How did we get from common sense on biology to the erasure of women’s sex-based rights? As Ernest Hemingway said of how he arrived at bankruptcy, “Gradually, then suddenly.” The blueprint for “suddenly” was drafted in Yogyakarta, the capital city of Indonesia’s island of Java.
Principle 3 states that everyone’s sexual orientation and gender identity are “integral to their personality,” and a basic aspect of “self-determination, dignity, and freedom.” Therefore, “no one shall be forced to undergo medical procedures, including sex reassignment surgery, sterilisation or hormonal therapy as a requirement for legal recognition of their gender.” In other words, recognition of gender identity, socially, culturally, and legally, must depend solely on the basis of self-identification.
Moreover, “no one shall be subjected to pressure to conceal, suppress or deny their ... gender identity,” and “all State-issued identity papers which indicate a person’s gender/sex—including birth certificates, passports, electoral records, and other documents—[should] reflect the person’s profound self-defined gender identity.”
It has also had an effect on clinical therapy and medicine.
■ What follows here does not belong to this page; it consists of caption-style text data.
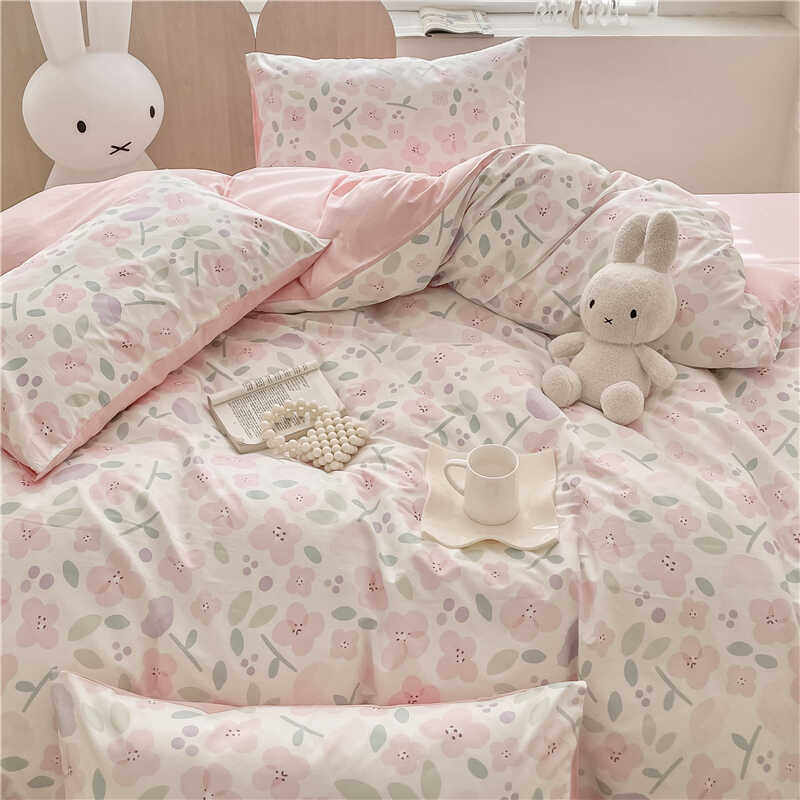 双人粉色小碎花被罩纯棉少女心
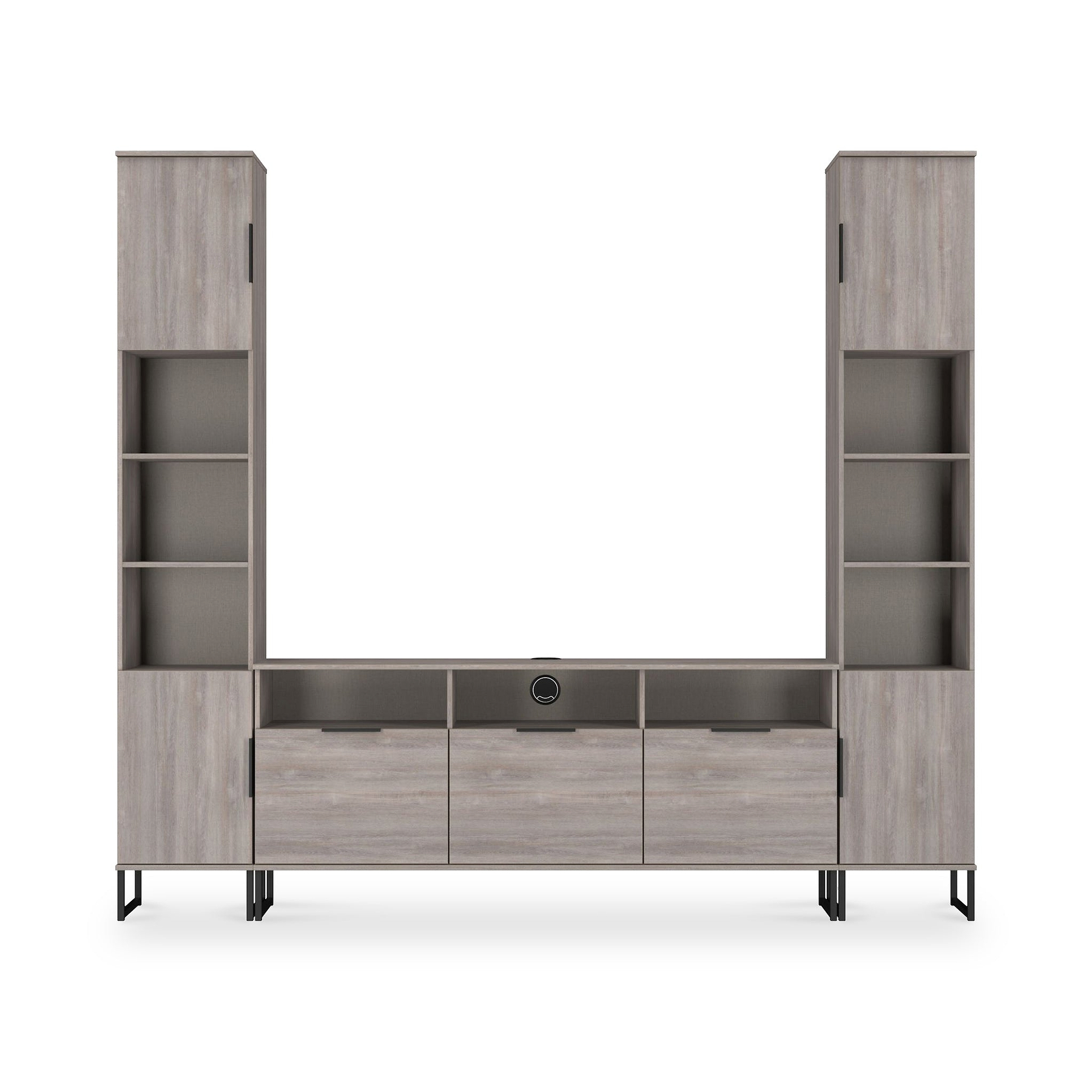 Ashbourne Multi Media Wall Unit Grey Oak from Roseland Furniture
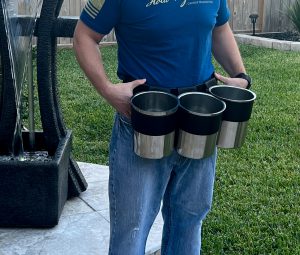 Custom Oyster Shucking Belts and Aprons - Three 4 Quart Configuration
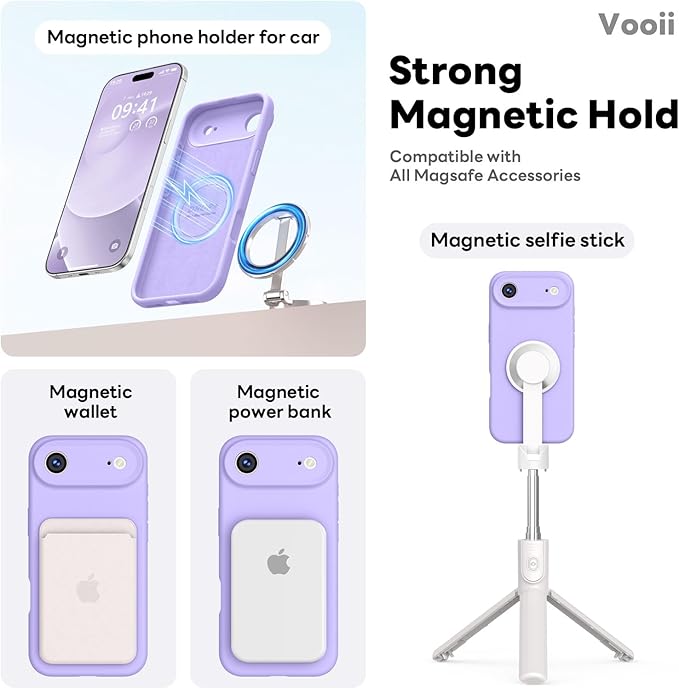 Vooii Magnetic Compatible with iPhone Air Case (Compatible with Magsafe) (Upgraded Camera Protection) Liquid Silicone Shockproof Full Body Protective Phone Cover for Women Men, Light Purple, 6.5"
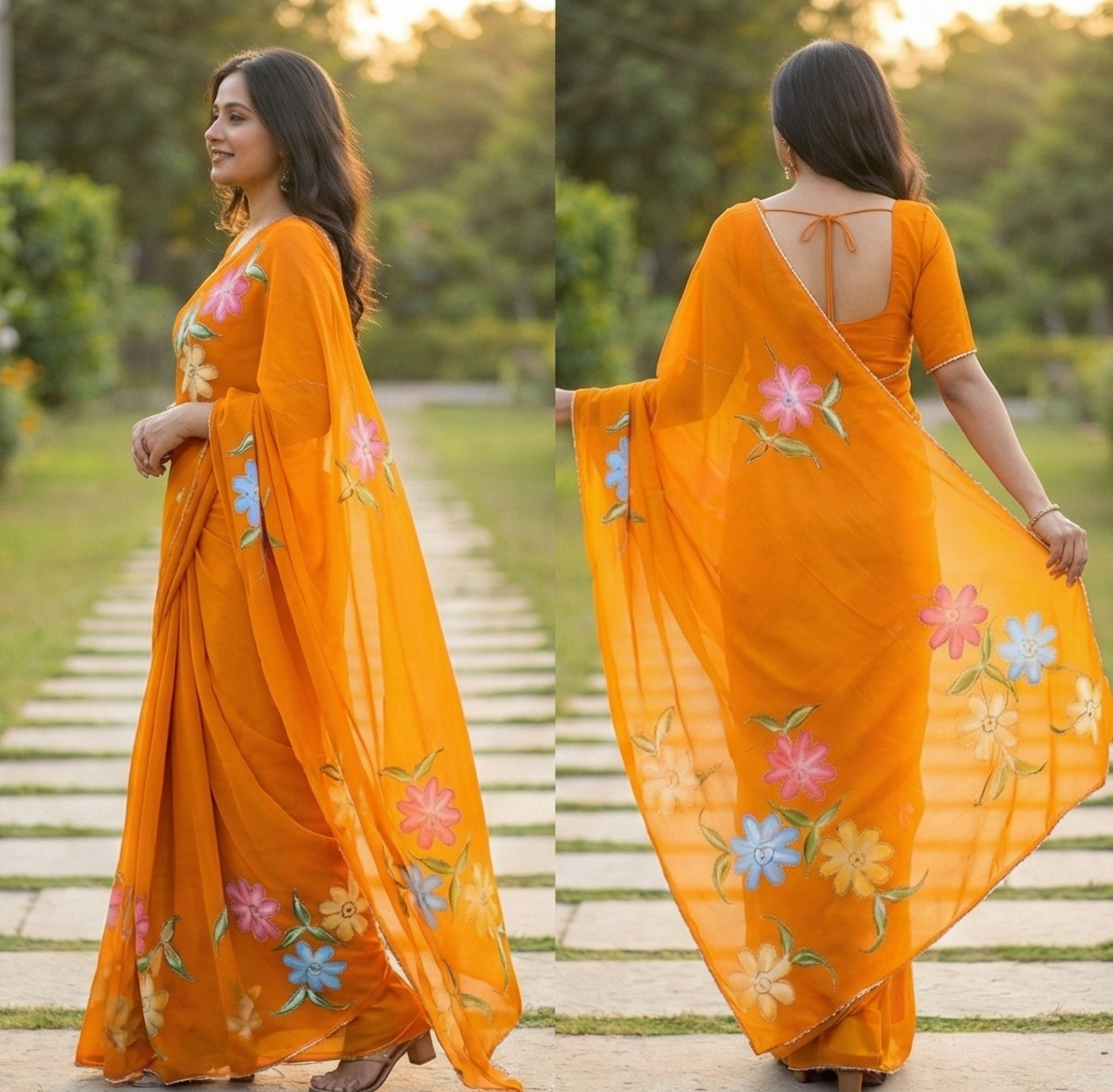 Chiffon Floral Hand-Painted Saree with Stone Border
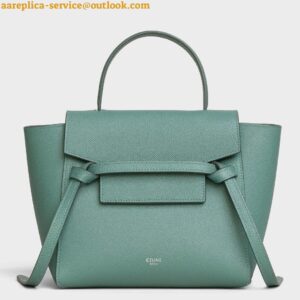 Replica Celine Belt Nano Bag In Celadon Grained Calfskin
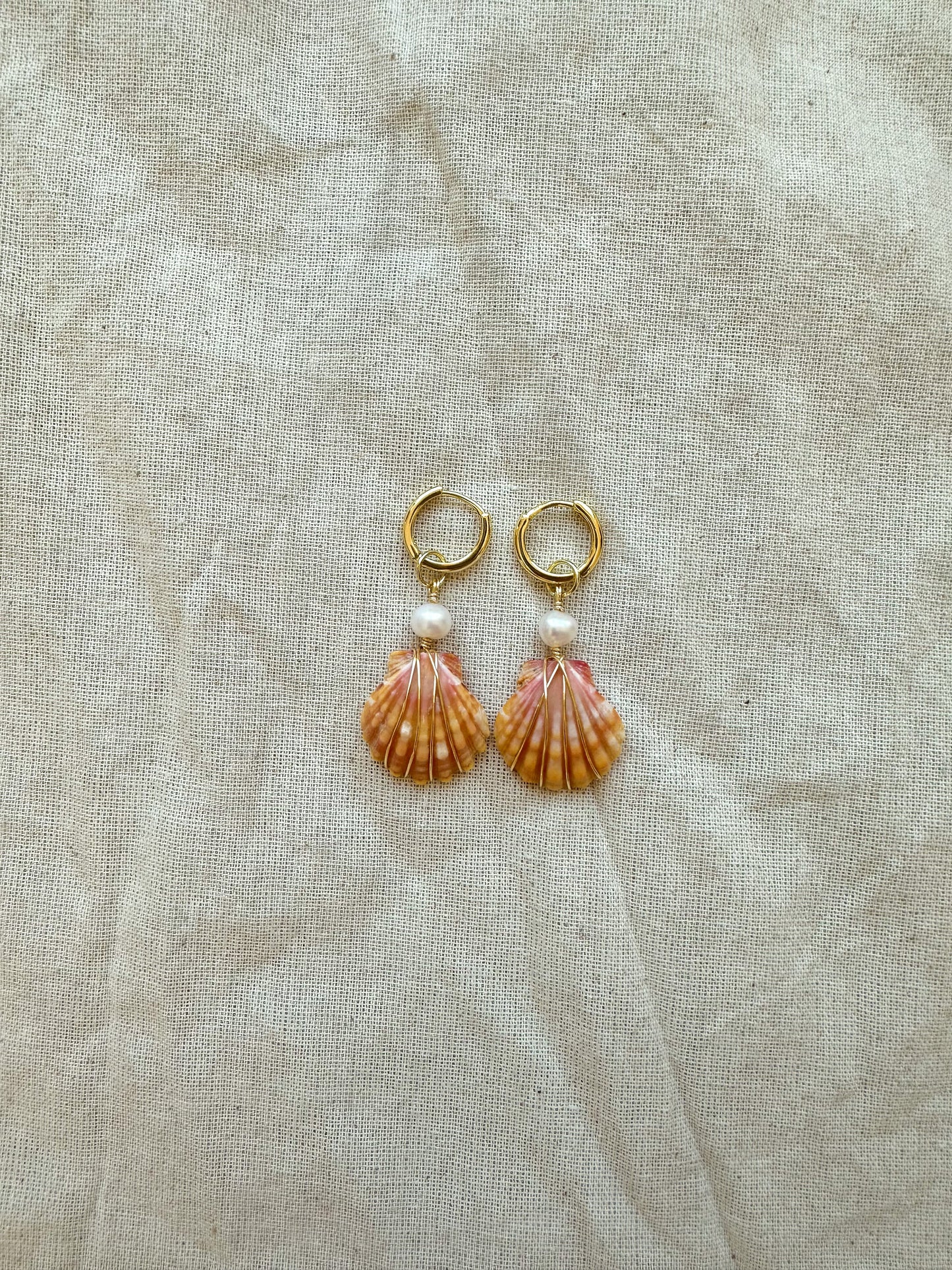 Sunrise Shell Gold Mini Hoops #2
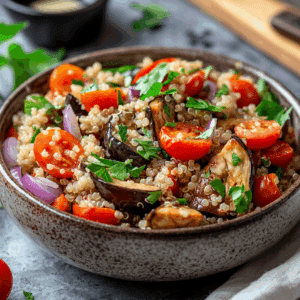 Mediterranean Roasted Eggplant Quinoa Salad Delight - Thefoodiebunch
That in Canada, it’s now considered a form of “conversion therapy” to treat very young gender dysphoric children holistically—that is, to assess their gender assertions in a context of other contributing factors rather than affirm their transition, which often leads to a lifetime on off-label drugs and irreversible physiological changes—is a testament to the influence of Principle 3.
Correa is proud that the Yogyakarta Principles don’t even mention the word “woman.”
One can see the influence of the Principles in rights bodies such as Amnesty International, which resists any calls to acknowledge conflict between women’s and trans rights, and considers even acknowledgment of a clash as tantamount to transphobia.
The mind boggles.
But any objective observer may find his or her mind-boggling on a daily basis these days as, one after another, supposedly intelligent and credentialed people in high places kowtow to unscientific mantras that make no sense in their policymaking, while life, in general, is made a misery for sane people such as writer J.K. Rowling, who wishes no ill to trans people but felt obliged, in 2019, to state the obvious—that a man cannot literally become a woman—and has ever since been harassed and vilified to the point of death threats.
Surveying the damage wrought by the Principles, one—and only one—of the Yogyakarta signatories, Robert Wintemute, professor of human rights law at King’s College London, went public in expressing regret for his collaboration. According to Bindel, Wintemute came to the conclusion that women’s rights weren’t on the group’s radar during the meeting. He blames himself for having “failed to consider” that intact males identifying as women would seek access to spaces conceived for women’s safety and modesty.
Wintemute wonders that so many human rights experts should also have failed to realize the implications of their recommendations. After all, the European Convention on Human Rights is clear that certain rights may be restricted if they affect “the rights and freedoms of others.” He said: “There was a feeling that transgender people have suffered and they are saying this is what is needed—the implications of no surgery and self-ID had not dawned on us back in 2006.”
Gay himself, Wintemute was honest enough to admit that “the issue of access to single-sex spaces largely affects women and not men. So it was easy for the men in the group to be swept along by concern for LGBT rights and ignore this issue.”
Wintemute wasn’t invited to take part in a reassembly of some of the Yogyakarta signatories in 2017, when 10 even-more radical principles were added. One recommends the end of registration of sex or gender identity in documents such as birth certificates. Wintemute says this is an “outrageous” idea: “There is no country in the world that has ended the registration of sex on birth certificates.”
But surely the whole ideological house of cards has been “outrageous” from the beginning, since it is based on a repudiation of the most basic facts of evolutionary biology. Admirable as Wintemute’s defection from the revolutionary council is, it’s a little late in the game for outrage.